Republicans flip their fiscal script as budget fight looms
washington — The head of a conservative Republican faction in the US Congress, who voted last month for a huge expansion of the national debt to pay for tax cuts, called himself a “fiscal conservative” on Sunday and urged budget restraint in 2018.
In keeping with a sharp pivot under way among Republicans, US Representative Mark Meadows, speaking on CBS’ “Face the Nation,” drew a hard line on federal spending, which lawmakers are bracing to do battle over in January.
When they return from the holidays on Wednesday, lawmakers will begin trying to pass a federal budget in a fight likely to be linked to other issues, such as immigration policy, even as the November congressional election campaigns approach in which Republicans will seek to keep control of Congress.

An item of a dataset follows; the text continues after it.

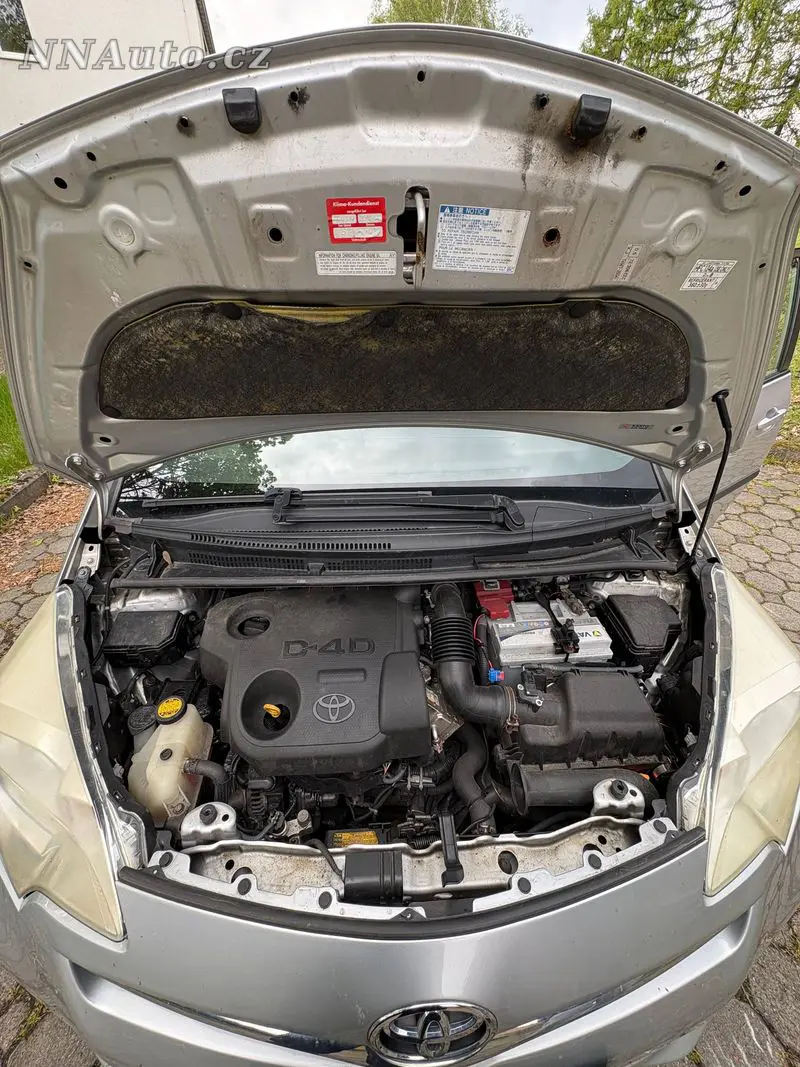 Toyota Verso 2011 – fotografie vozu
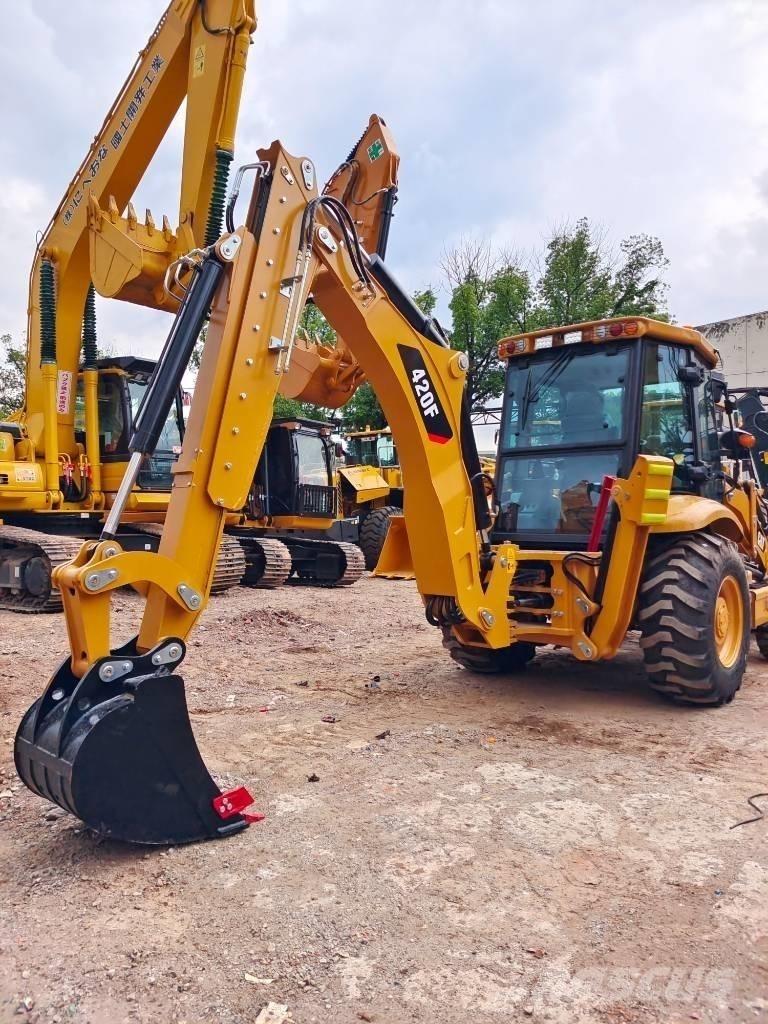 CAT 430 F Εκσκαφείς Φορτωτές τύπου JCB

President Donald Trump and his Republicans want a big budget increase in military spending, while Democrats also want proportional increases for non-defence “discretionary” spending on programmes that support education, scientific research, infrastructure, public health and environmental protection.
“The (Trump) administration has already been willing to say: ‘We’re going to increase non-defence discretionary spending... by about seven per cent,’” Meadows, chairman of the small but influential House Freedom Caucus, said on the programme.
“Now, Democrats are saying that’s not enough, we need to give the government a pay raise of 10 to 11 per cent. For a fiscal conservative, I don’t see where the rationale is . ... Eventually you run out of other people’s money,” he said.